Je n’ose ecrire au pays depuis la declaration de la guerre [6], car peut etre ferois je un crime d’Etat à ceux à qui j’ecrirois ; je ne pense pas qu’ils osent à cause de cela ecrire par deça*. Du moins ne recois je aucune lettre. Adieu mon cher Monsieur, je vous souhaitte toute sorte de prosperité. Vous ne sauriez manquer d’emploi dans une guerre aussi opiniatre et generale que celle qui est allumée. Ainsi soiez rempli d’esperance ; je • suis tout à vous[.]
Bayle

A Monsieur/ Monsieur Bayze/ A Londres •

Notes :

[1Sur Jean de Bayze, cousin de Bayle, voir Lettre 3, n.7. Il avait été compagnon d’études de Joseph Bayle et était donc né probablement entre 1655 et 1660. Il devait s’engager comme officier dans l’armée de Guillaume III en Angleterre : son nom figure dans la liste d’officiers à demi-solde établis comme colons en Irlande à partir du 1 er janvier 1692 ; il semble avoir été installé près d’Armagh et a vécu au moins jusqu’en 1711, comme en témoigne une lettre qu’il adressa à Des Maizeaux. Il eut plusieurs enfants, dont une fille qui épousa un autre officier réfugié, Marc-Antoine de Moncal ; la femme de Jean de Bayze, qui avait pu quitter la France avec lui, mourut en 1696 ; il se remaria par la suite. Ces renseignements proviennent de l’ Inventaire critique d’E. Labrousse (p.339), qui rectifie celles données par H. de France, Les Montalbanais et le refuge (Montauban 1887), p.70 ; voir aussi U. de Robert-Labarthe, Histoire du protestantisme dans le Haut-Languedoc, le Bas-Quercy et le comté de Foix de 1685 à 1789 (Paris 1892-1896), i.339.

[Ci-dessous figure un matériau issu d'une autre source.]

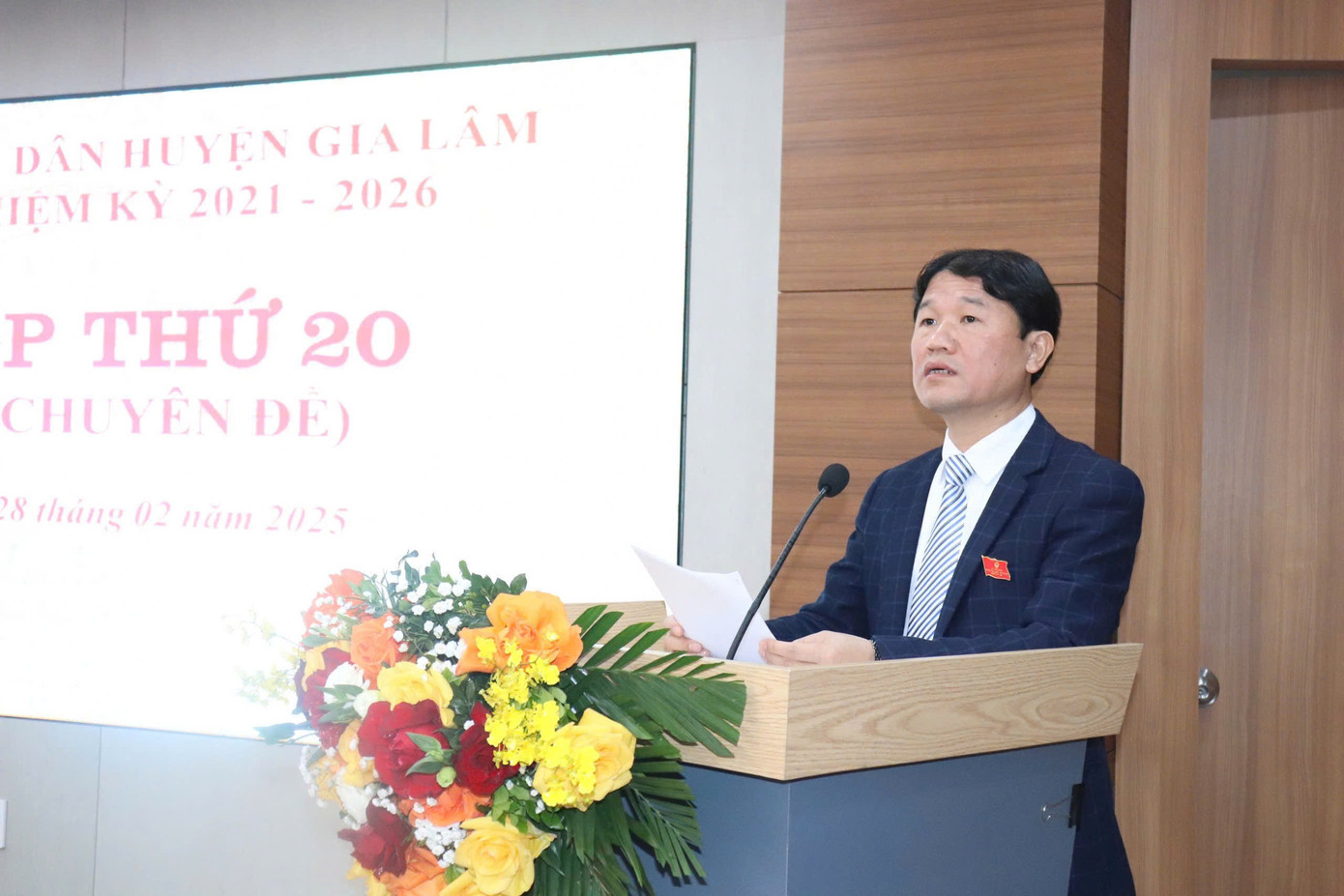 Phó Chủ tịch UBND huyện Gia Lâm Trương Văn Học báo cáo tại kỳ họp Phó Chủ tịch UBND huyện Gia Lâm Trương Văn Học báo cáo tại kỳ họp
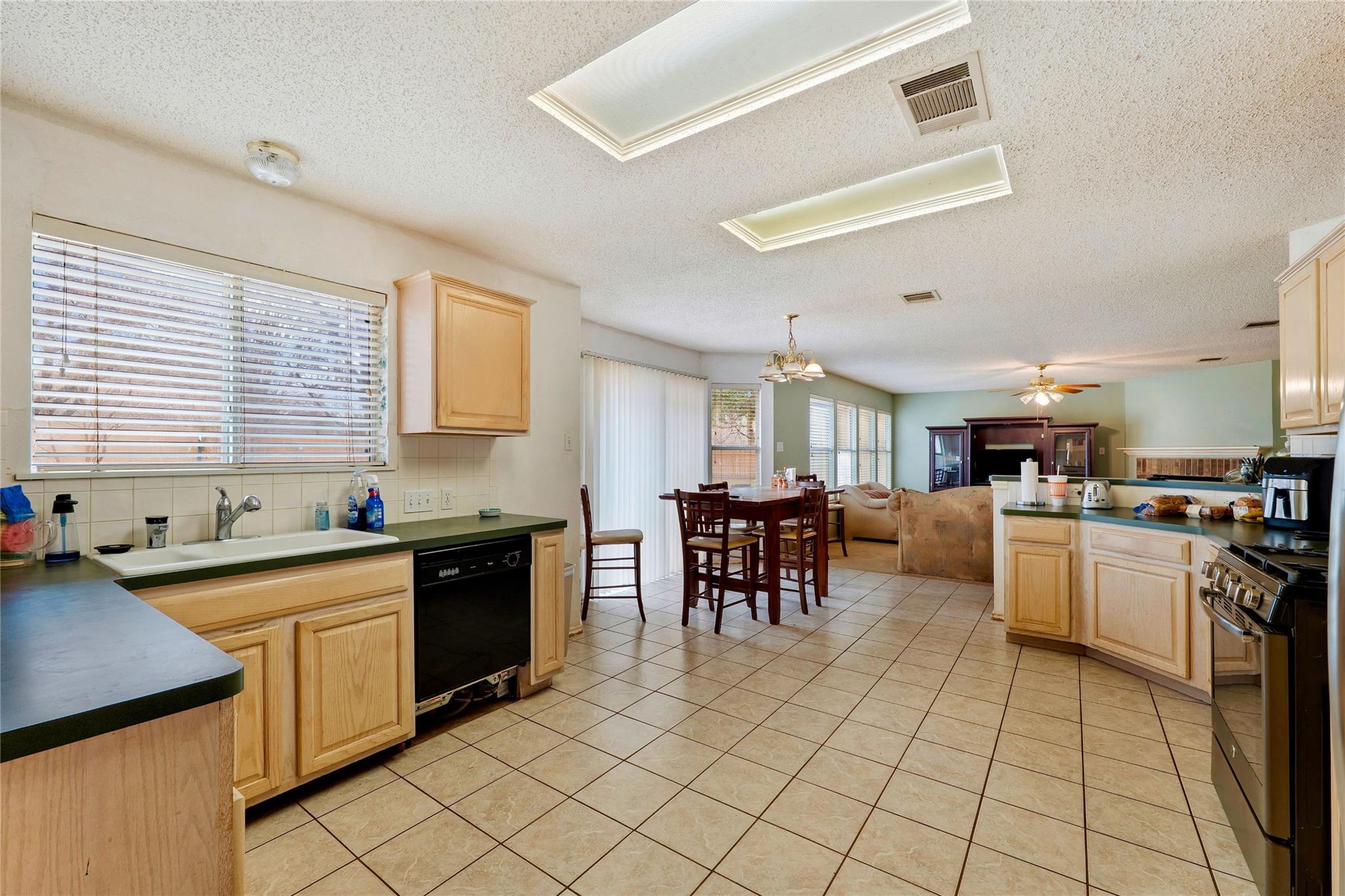 4008 Springwillow LN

[2Sur Paul Falentin de La Rivière, ancien pasteur du Mas d’Azil et chapelain du maréchal de Schomberg, désormais réfugié à Londres, voir Lettres 484, n.1 et 2, et 601, n.21.

[3Sur l’épuisement de Jurieu en juillet 1688, voir Lettres 715, n.4, et 720, n.15 ; Bayle emploie ici une excuse diplomatique.

[4Sur Gilbert Burnet et son rôle éminent auprès de Guillaume III au moment de la Glorieuse Révolution, voir Lettre 710, n.8 : Bayle l’avait déjà sollicité en faveur de M. Dartemont, et on apprend ici qu’il avait fait de même en faveur de Jean de Bayze.

[5La lettre de Bayle adressée à Gilbert Burnet en faveur de Jean de Bayze est perdue.

[6Sur l’interruption de tout commerce de lettres entre les Pays-Bas et l’Angleterre, la France et l’Espagne, voir Lettre 720, n.2.